The story concerns plucky protagonist Hideyoshi- who I find myself liking, and wanting to draw, almost despite myself- getting zapped into an alternate universe that’s based on the Sengoku era of Japanese history, only everyone’s a woman. However, instead of this just being one of those inexplicable choices in anime that make no sense (like trains being personified as bishounen in Miracle Train, seriously, what the hell), I get the impression that the all-female parallel world is actually part of the plot of Battle Girls. See? I said “plot”; we’re already head and shoulders above Koihime Musou.
I would also like to note that the new trope in time travel stories is for the protagonist to refuse to believe they’ve traveled in time until they realize they aren’t getting any “bars” on their cell phone. Some might find the fixation on Hideyoshi’s phone irritating, but I thought it was interesting to note how our times are now reflected differently in these sorts of stories; it used to be, plucky protagonists wouldn’t believe that they’d time traveled until they realized that there was no television.
My favorite part of the series so far is Shiro, a talking dog in a helmet who seems to be Hideyoshi’s main foil in the series; they have a surprisingly funny conversation in episode 2 that I won’t spoil.
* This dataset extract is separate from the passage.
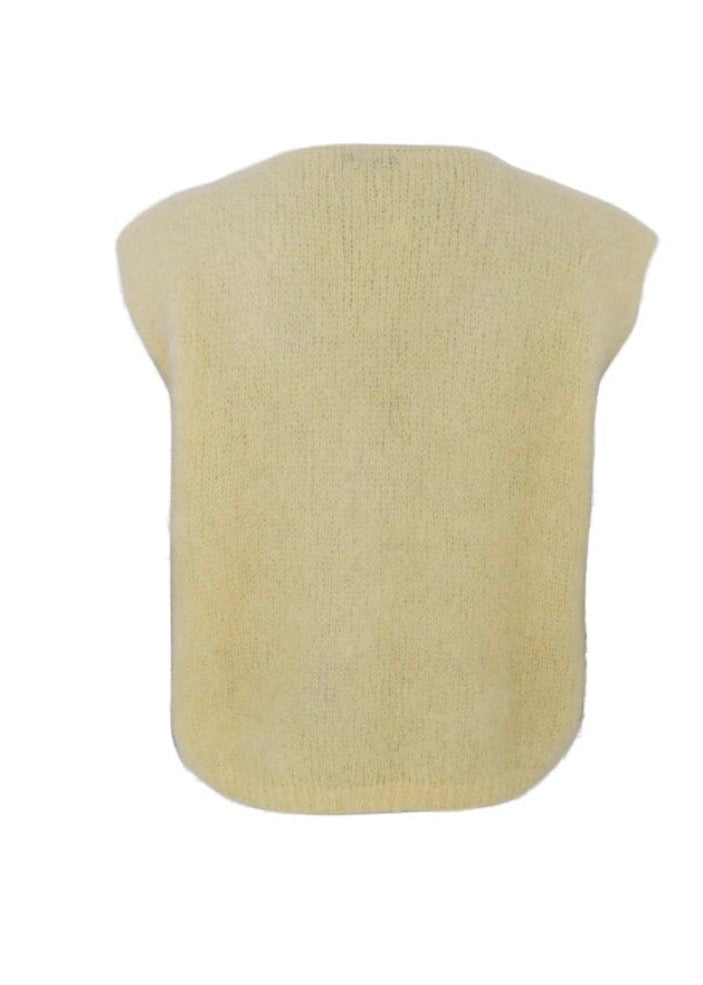 Vest jumper mohair licht geel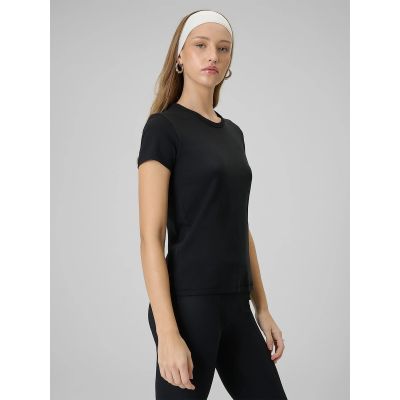 4. Women's slim plain T-shirt 4F 4FRAW25TTSHF3623-20S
While there’s no question that this show is fanservice-laden (just take a look at Nobunaga’s “armor”), when a lot of the action is dominated by a teenage girl (who actually looks like a rather modestly-proportioned teenage girl) and a cuter version of Dogbert, it certainly doesn’t feel like a fanservice show.
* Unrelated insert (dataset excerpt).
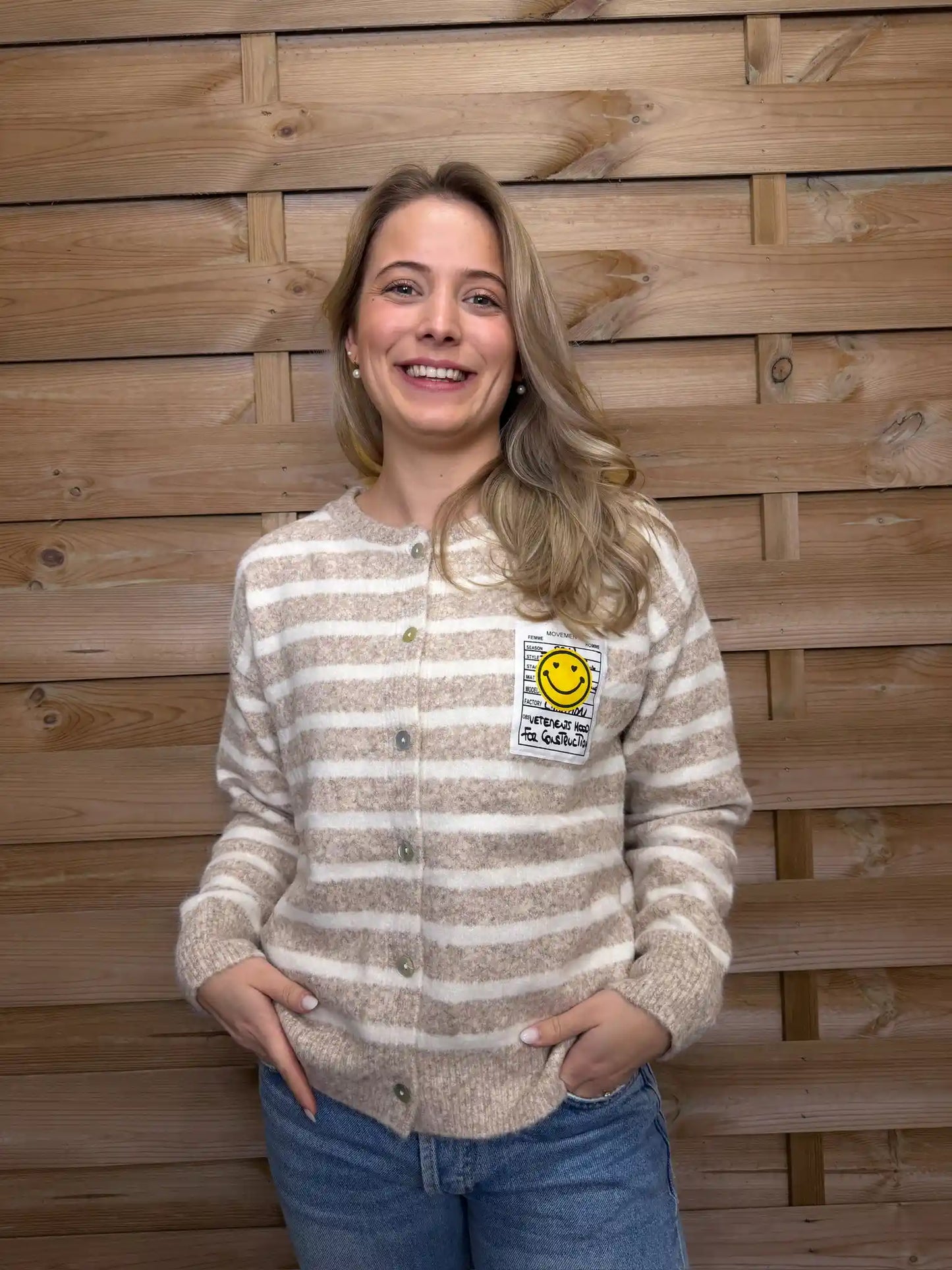 Cardigan "GoodVibes" Taupe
At this point, I’m almost rooting for this show to develop a lot in the plot department so that everyone who dismissed it as a stupid fanservice show can feel stupid, but I don’t know- like any of these shows that trade in fanservice, that veneer of respectability can disappear at any time. I just hope the first two episodes are actually indicative of what the rest of the series plans to deliver, and it doesn’t disappoint me later…I mean, I can handle one obligatory hot springs episode, but let’s keep it to one, okay guys?